Из-под тяжкого спуда войны стало доставаться многое другое. И дворовое, «арбатское», – в том числе. Хотя последнее скорее – расставание, плач о несостоявшейся обычной человеческой жизни. Война, отодвинув идею, оголила и все эти простые возможности. Первая любовь, погибшие одноклассники, мирная довоенная жизнь…
Наш двор в 50-е годы оказался в межвременье. В 20–30-е годы идея наступала на повседневность, разрушая вековой семейный уклад. Разрывалась связь между отцами и детьми. Миллионы людей побежали в большие города, крестьяне становились рабочими и инженерами. Но повседневность контролировалась и управлялась идеей. Как и где ты будешь жить, сколько у тебя будет коров, земли или имущества – это решало государство или отдельный человек, но обязательно по договору с государством.
На смену связке я – семья – государство уже к началу войны пришла другая связка: я – государство. Которая стала главной для детей, родившихся после 1920 года.
Именно эта связка, прежде всего, и передавалась родителями детям, родившимся после войны. Семья – это лишь промежуточное звено, самое важное – это твои отношения с государством, начинающиеся очень рано, еще с детского сада. Таким образом наши отцы передавали нам свободу от себя, стремясь одновременно передать нас государству, в чьих руках находились они сами.

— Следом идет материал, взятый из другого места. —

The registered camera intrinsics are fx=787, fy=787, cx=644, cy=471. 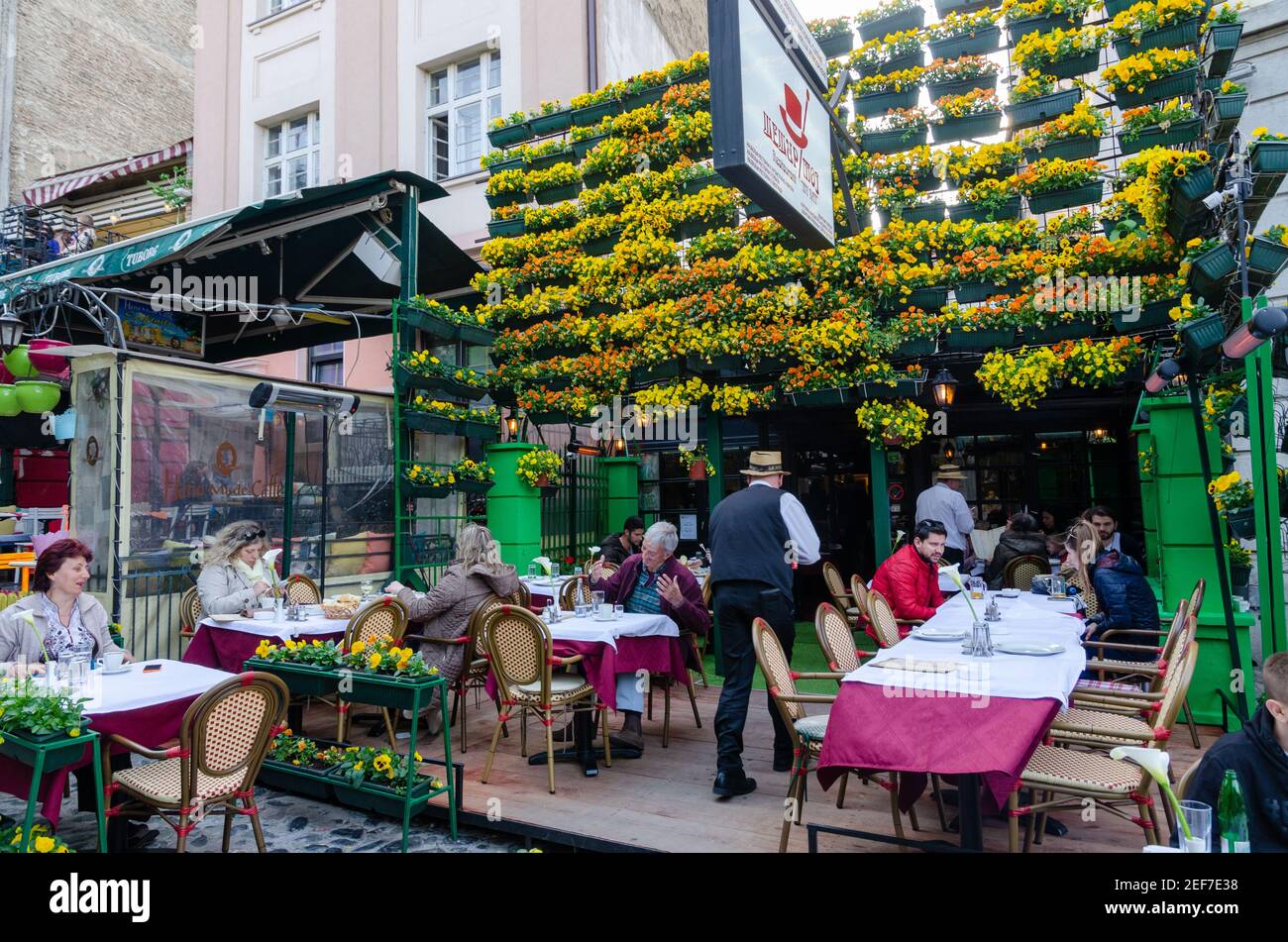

Украина. Первая любовь. Часть 1
Мы сняли две маленькие комнаты в домике на зеленой улице в местечке под названием Остёр в Черниговской области. Первым делом бабушка бросилась меня кормить. Но и без всякого принуждения у меня через пару недель открылся зверский аппетит. Я мог запросто съесть яичницу из пяти-шести яиц из-под домашних кур и заесть здоровенным куском хлеба с салом (сало там продавали в таких небольших брикетах, похожих на сливочное масло, в шуршащей бумаге, посыпанное крупной солью). Бабушка ходила на городской рынок и покупала свинину на косточке. А на полдник и ужин я выпивал галлоны домашнего молока и заедал творогом со сметаной. Уж не говоря о том, что у хозяина нашего домика был роскошный сад, и там росло все, что могла дать черниговская земля.
Когда в отпуск приехал отец, мы обедали за столом в саду, и мама подала ему большущую тарелку борща. Отец взял в руку ложку, и тут ему в тарелку со свистом, прямо, как граната, залетела огромная груша, упавшая с дерева. Весь борщ оказался у нас на одежде и лицах. Мы попадали со скамеек со смеху, особенно увидев испуганно-удивленное лицо отца, который сразу не понял, в чем дело. Долгие годы в нашей семье бытовала присказка: «Что такое Остёр? Это место, где груши падают в борщ».